Plot number of peaks

barAnno(anno_list = peak_list, fill_position = F)

Genomic annotations

barAnno(anno_list = peak_list, anno_num = 2) # default

barAnno(anno_list = peak_list, anno_num = 3)

barAnno(anno_list = peak_list, anno_num = "all")

Change names

barAnno(anno_list = peak_list, anno_names = c("Condition X", "Condition Y"))

barAnno(anno_list = peak_list, 
        anno_names = c("Condition X", "Condition Y"), 
        names_order = c("Condition Y", "Condition X"))

We can only set all the peak sets with the same name and they will be counted as one set.

barAnno(anno_list = peak_list, anno_names = c("Condition X", "Condition X"))

## Write counts

We can write the number and percentage of observations in each annotation by specifying count_label = T. The angle and the size of these labels can be controlled through counts_angle and counts_size. Here there are some examples:

  • Writing the labels:
barAnno(anno_list = peak_list, counts_label = T)

  • Writing the labels with more annotations and controlling the angle:
barAnno(anno_list = peak_list, anno_num = 3, counts_label = T, counts_angle = 0)

  • Labels within different pannels
barAnno(anno_list = peak_list, anno_names = c("cond1", "cond1"), protein = c("protX", "protY"), counts_label = T)

  • Controlling the size
barAnno(anno_list = peak_list, counts_label = T, counts_size = 5)

Customize plot

Change bar width

barAnno(anno_list = peak_list, width = 0.6) # default

barAnno(anno_list = peak_list, width = 0.9)

barAnno(anno_list = peak_list, width = 1)

Divide pannels

barAnno(anno_list = peak_list, anno_names = c("Cond1", "Cond1"), protein = c("protX", "protY"))

barAnno(anno_list = peak_list, anno_names = c("Cond1", "Cond1"), 
        protein = c("protX", "protY"), protein_order = c("protY", "protX"))

barAnno(anno_list = peak_list, anno_names = c("Cond1", "Cond2"), protein = c("protX", "protY"))

Set labels

barAnno(anno_list = peak_list, main = "This is a title", subtitle = "This is a subtitle",
        xlab = "This is the X-axis label", ylab = "This is the Y-axis label")

Legend position

barAnno(anno_list = peak_list, legend_position = "none")

barAnno(anno_list = peak_list, legend_position = "left")

barAnno(anno_list = peak_list, legend_position = "bottom")
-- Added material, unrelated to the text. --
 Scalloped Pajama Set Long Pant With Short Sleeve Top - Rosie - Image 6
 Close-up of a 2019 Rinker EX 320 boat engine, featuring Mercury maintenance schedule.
barAnno(anno_list = peak_list, legend_position = "top")

Change X text angle

barAnno(anno_list = peak_list, xangle = 60)

Change color palette

If the length of color_palette argument in barAnno() is 1 (e.g. Set2, the default), the function uses a predefined palette passed through scale_fill_brewer(). Available palettes can be found here: https://ggplot2.tidyverse.org/reference/scale_brewer.html. For example:

barAnno(anno_list = peak_list, color_palette = "Set1")

barAnno(anno_list = peak_list, color_palette = "Pastel2")

barAnno(anno_list = peak_list, color_palette = "Oranges")

Nevertheless, if color_palette is a character vector of length greater than 1 and has valid color names (e.g. c("blue", "gold3")), the function takes these colors and passes them through scale_fill_manual() to fill the bars. If the number of annotated regions is greater than the default of 2 (i.e. anno_num = 3 or anno_num = "all"), the number of colors passed through color_palette must be the same length.

barAnno(anno_list = peak_list, color_palette = c("blue", "gold3"), anno_num = 2)

barAnno(anno_list = peak_list, color_palette = c("blue", "gold3", "pink"), anno_num = 3)

barAnno(anno_list = peak_list, anno_num = "all", 
        color_palette = c("blue", "gold3", "pink", "darkgreen", "darkred", "orange", "purple"))

The colors can be also generated through other functions, such as rainbow() or circlize::rand_col().

barAnno(anno_list = peak_list, anno_num = "all", 
        color_palette = rainbow(n = 7))

Further costumization

Since barAnno() outputs a ggplot2-based bar plot, it can be further customized with scales or theme, etc.